秘密の片想い
「まだ寝た方がいい」
「うん。もうずいぶんいいみたい。三嶋は、平気なの?」
「俺は、熱が下がって。シーの看病のお陰かな」
「そっか。薬が効いたんだね」
つい、口を滑らせた言葉に、三嶋が顔色を変えた。
「薬って、そうか、おかしいと思ったんだ。俺がシーの薬を奪ったんだな」
「奪うだなんて。
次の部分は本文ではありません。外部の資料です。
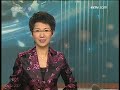 Another long-distance high-speed railway operating in China - CCTV 091224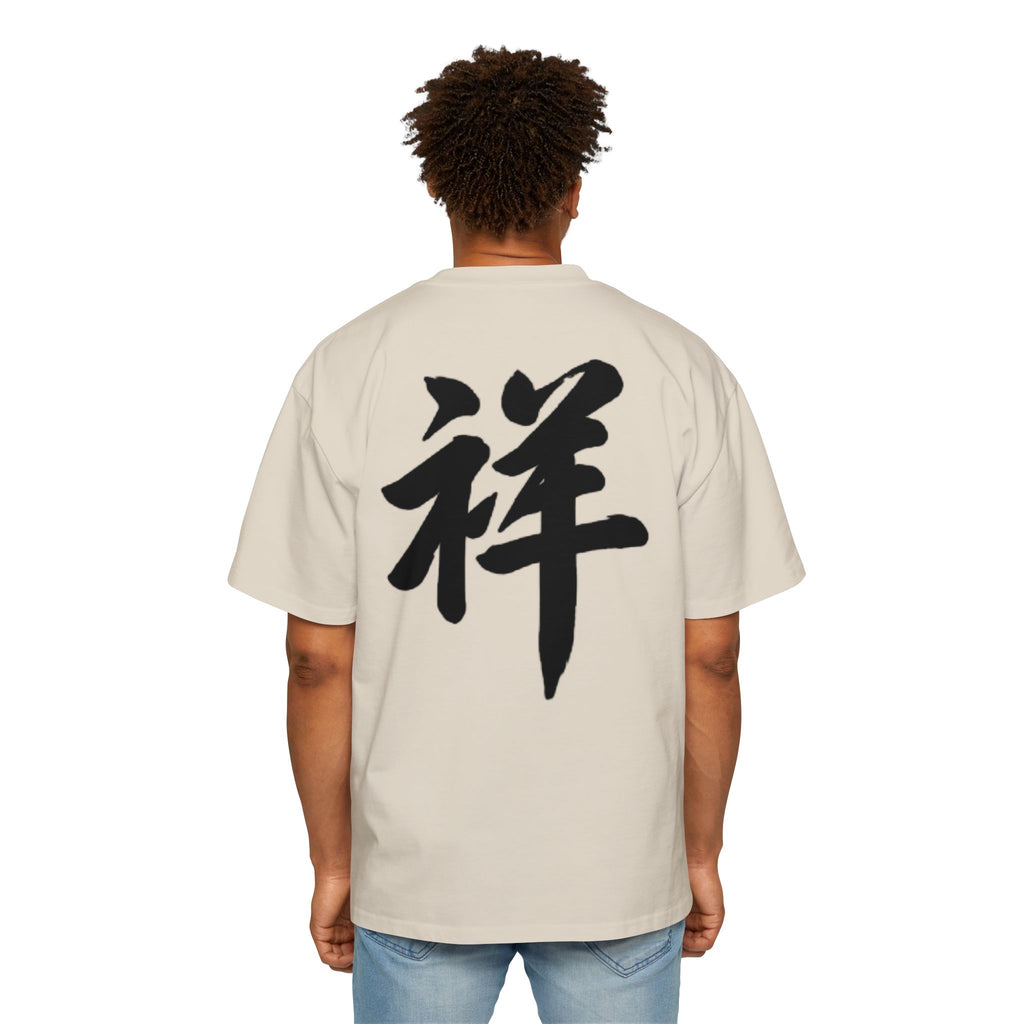 Premium Collection Oversized Graphic Tee — Auspicious 祥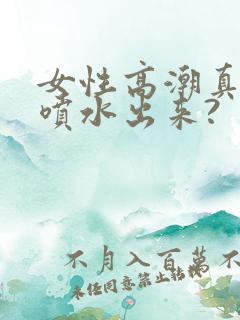 女性高潮真的会喷水出来?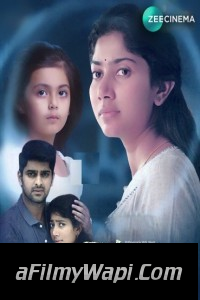 Diya (2019) South Indian Hindi Dubbed Movie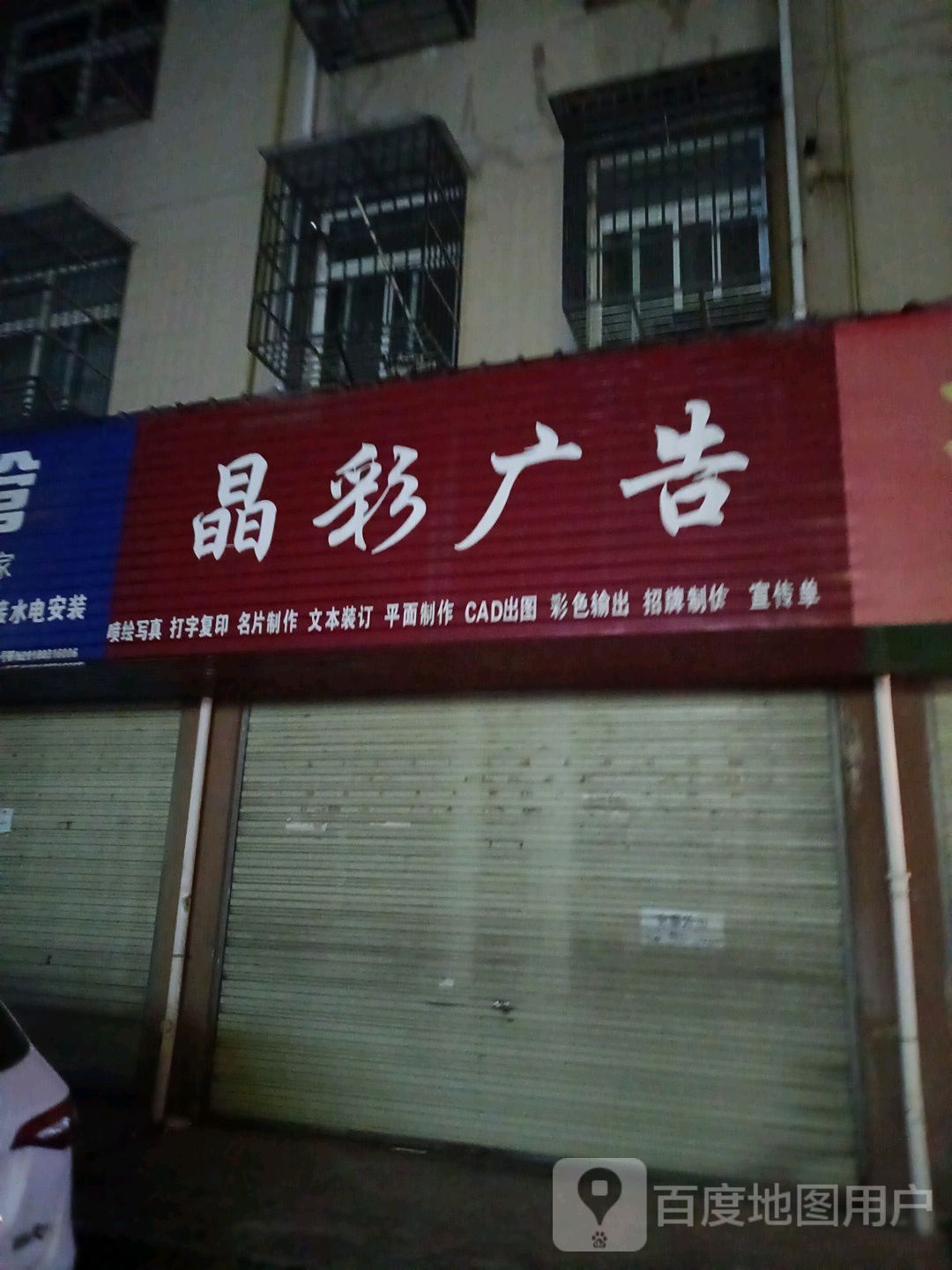 晶彩广告(北门店)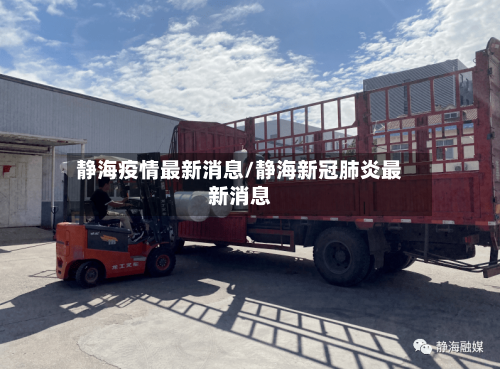 静海疫情最新消息/静海新冠肺炎最新消息-第2张图片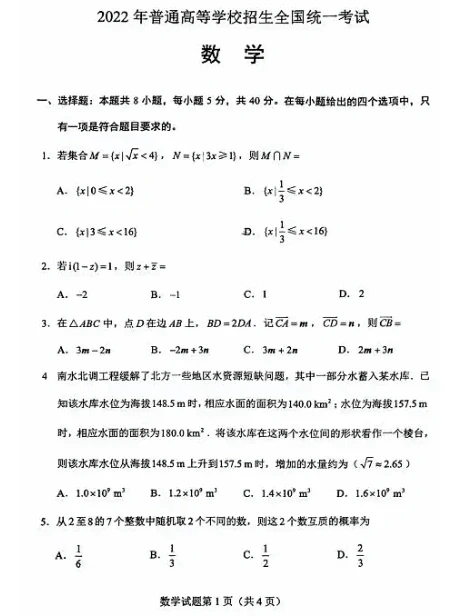 2022年新高考数学全国1卷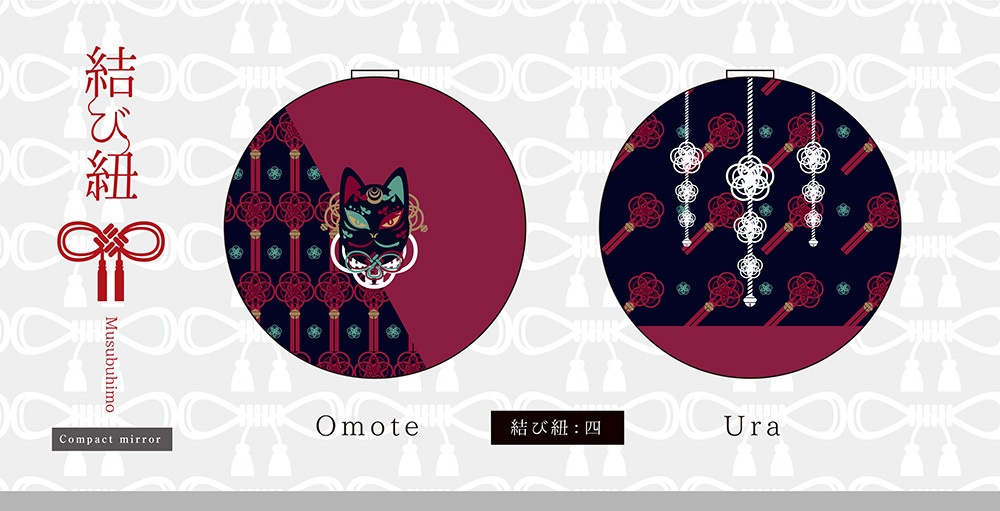 【コンパクトミラー】結び紐シリーズ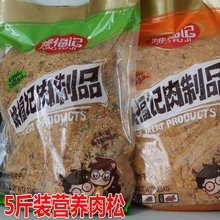 批发 一份 海苔肉松 营养烘培肉松 香酥肉松5斤装 特级肉松 包邮
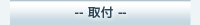 ��t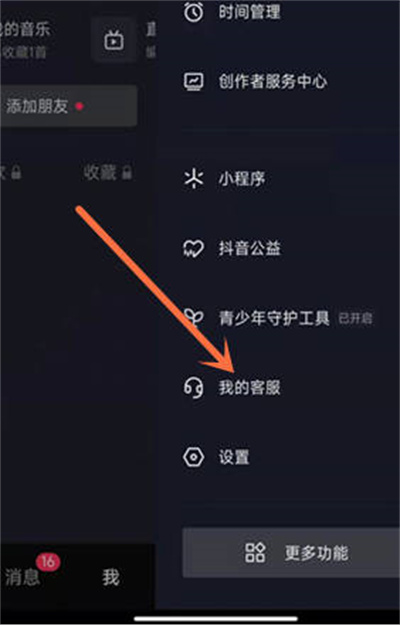 抖音账号蓝v认证怎么取消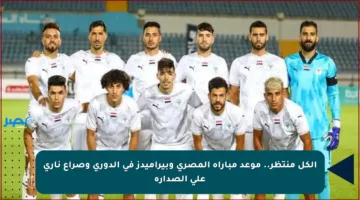 الكل منتظر.. موعد مباراة المصري وبيراميدز في الدوري وصراع ناري على الصدارة
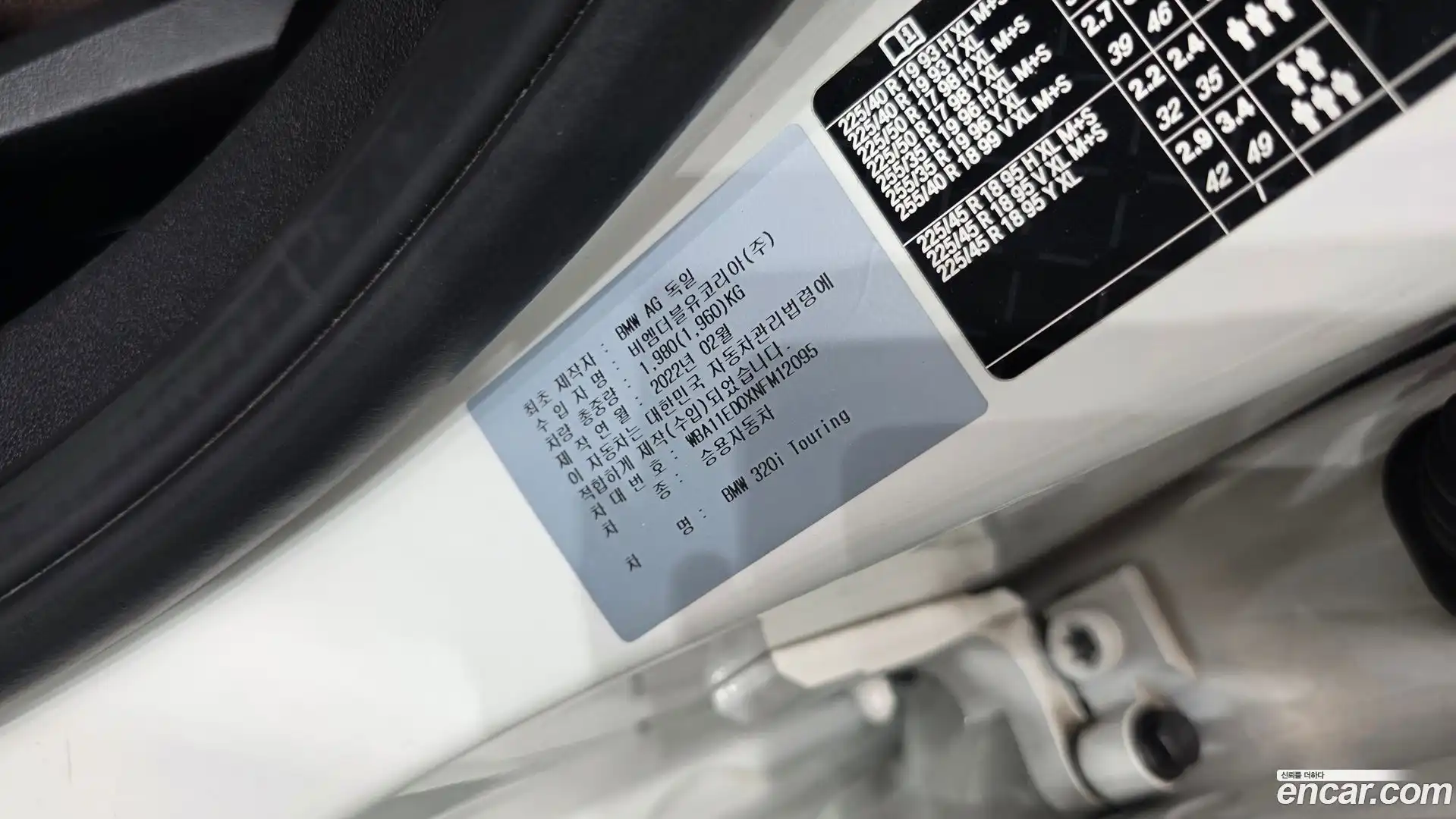 3-Series BMW 2022.3-OPTION-042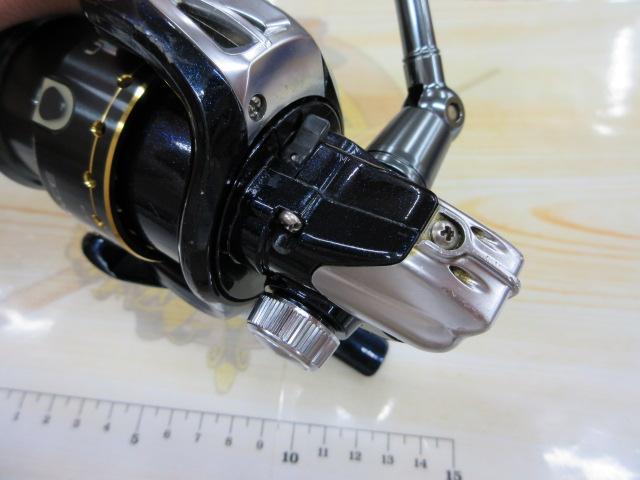 07アルテグラアドバンス 2500S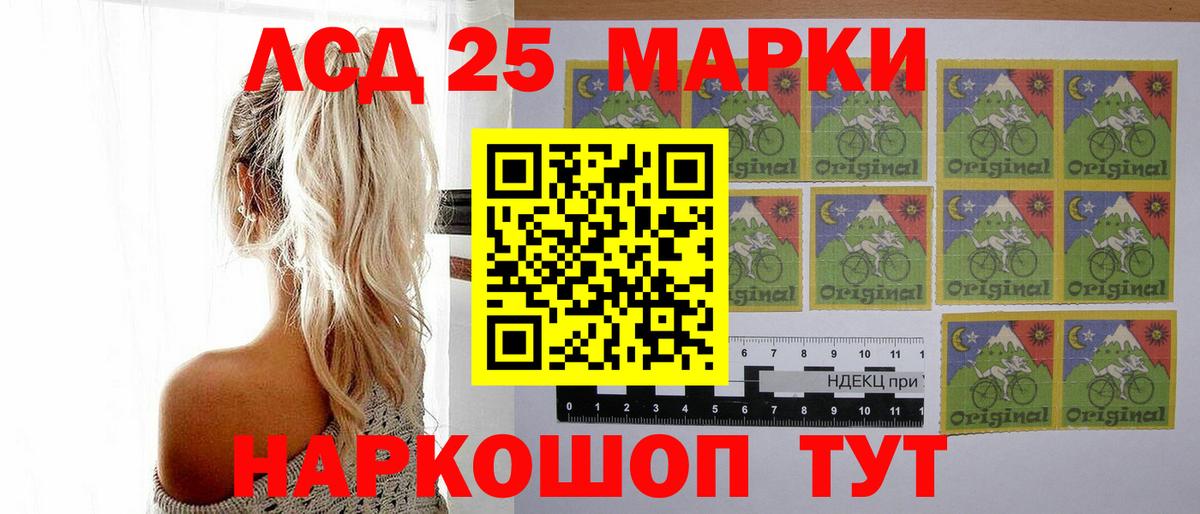 Лсд 25 экстази ecstasy Грязи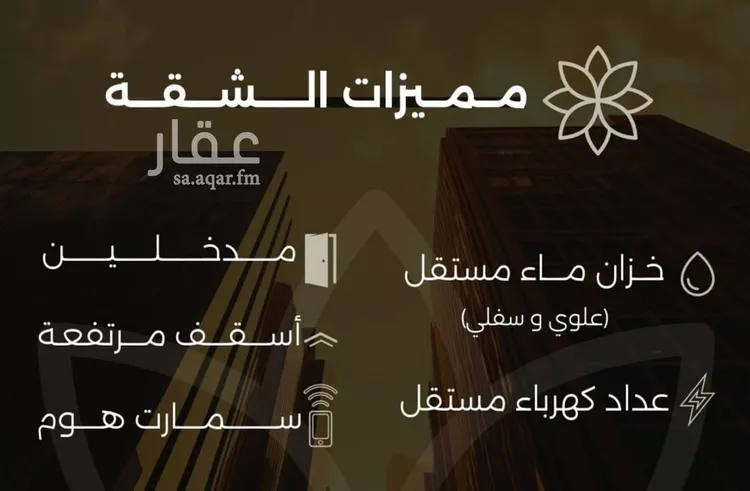 شقة للبيع في شارع احمد بن طلحه, حي الصفاء, مدينة جدة, منطقة مكة المكرمة صورة 4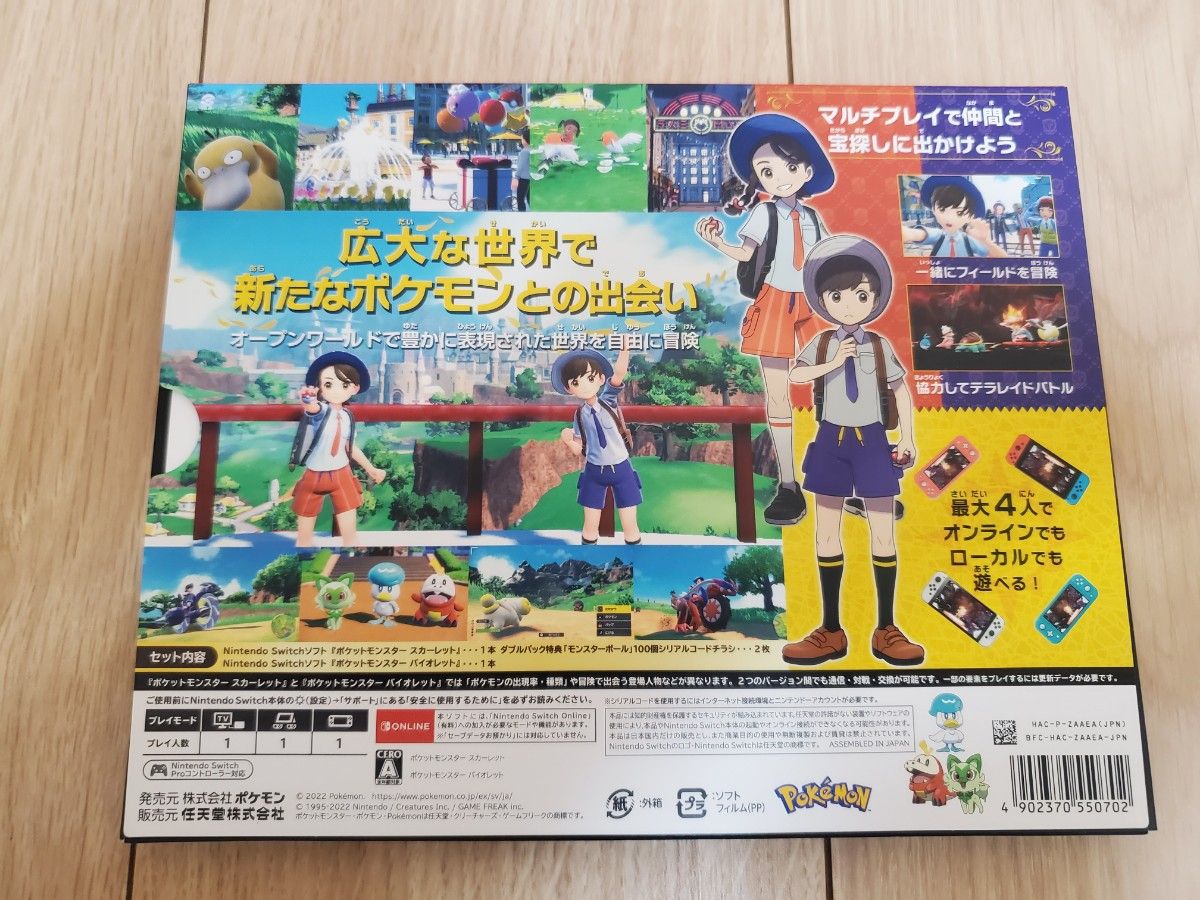 上等な ポケットモンスター バイオレット スプラトゥーン3 2個セット
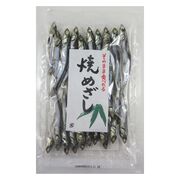 ビバ 焼きめざし 50g ビバ 焼きめざし 50g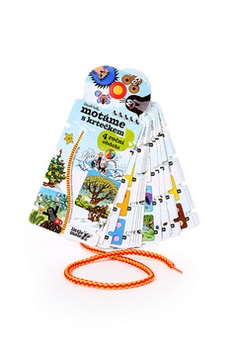 obálka: Motanice s krtečkem 4 roční období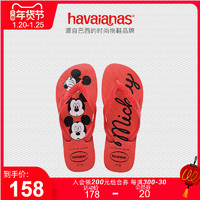 Havaianas哈唯纳Top Disney 新迪士尼米老鼠人字拖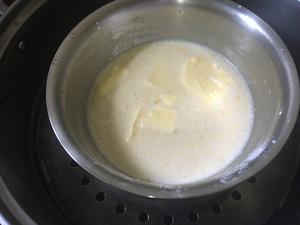 奶黄包（奶黄馅配方记录）的做法 步骤4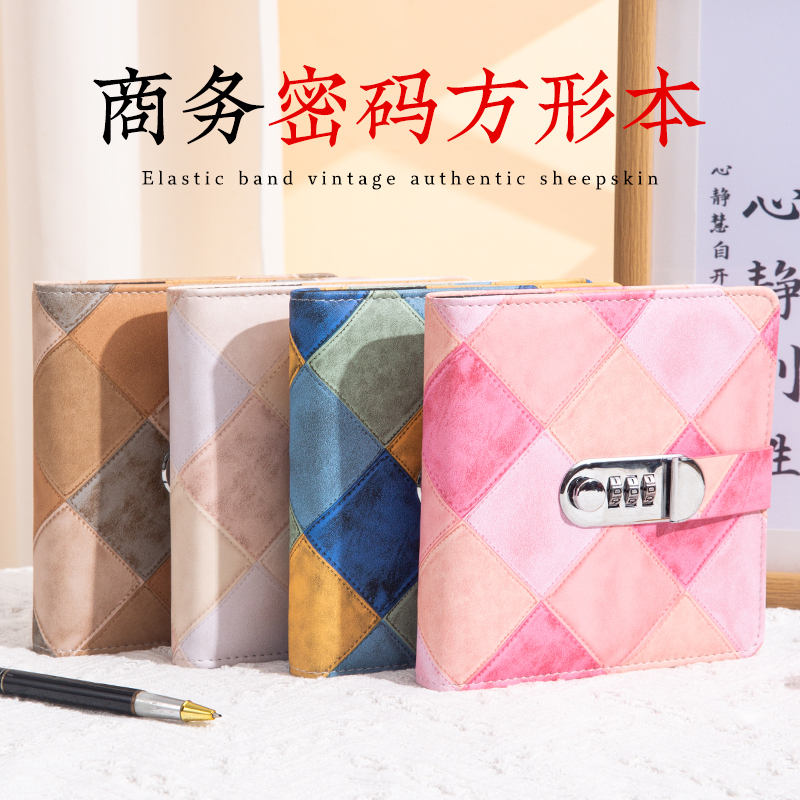 Travel Stamp Book, Password-Protected Notebook, Collection of Stamps from This Location, Commemorative Album, Blank Travel Journal, Wholesale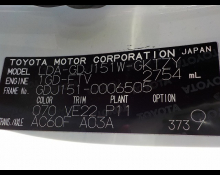 Toyota Prado 2018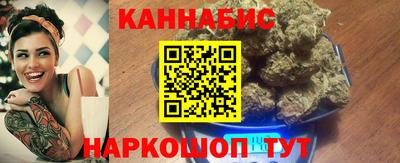 спайс Ливны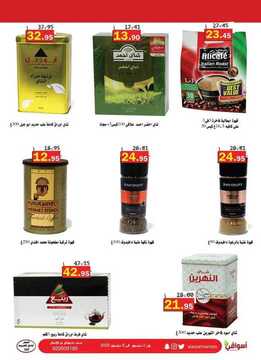 عروض أسواق العقيل الأسبوعية 2 ديسمبر 2020 الموافق 17 ربيع الآخر 1442 5 7800693717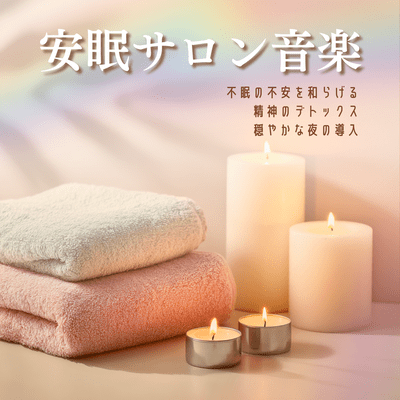 Sleep -inducing music - Relieves anxiety from insomnia, detoxifies the mind, and introduces a calm night. Front Cover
本当は勝手に他人に薬を飲ませたらいけないんだろうけど」
「人に薬を渡して、自分がダウンしてたらダメだろ。本当、シーは馬鹿だ」
「馬鹿って。そのあと、ちゃんと病院で私も薬を改めて飲んだし」
ひどい言われように、もっと文句を言おうとして言葉を失った。
三嶋は、真剣な眼差しで私を見ていた。
「な、なに。どうしたの」
「シー。キスしてもいい?」
「なにを、急に。だって、インフルエンザがうつっちゃうよ」
どんな理由よ。もっとほかに理由が。
「それはもう、うつしあってるだろ」
口をついて出た陳腐な断りの理由に、ご丁寧に対応されて、ことさら言葉に窮する。
今さら確認されても、困ってしまう。
そうかと言って、いいよとも言えない。
言ってしまったら、なにかが崩れてしまう気がした。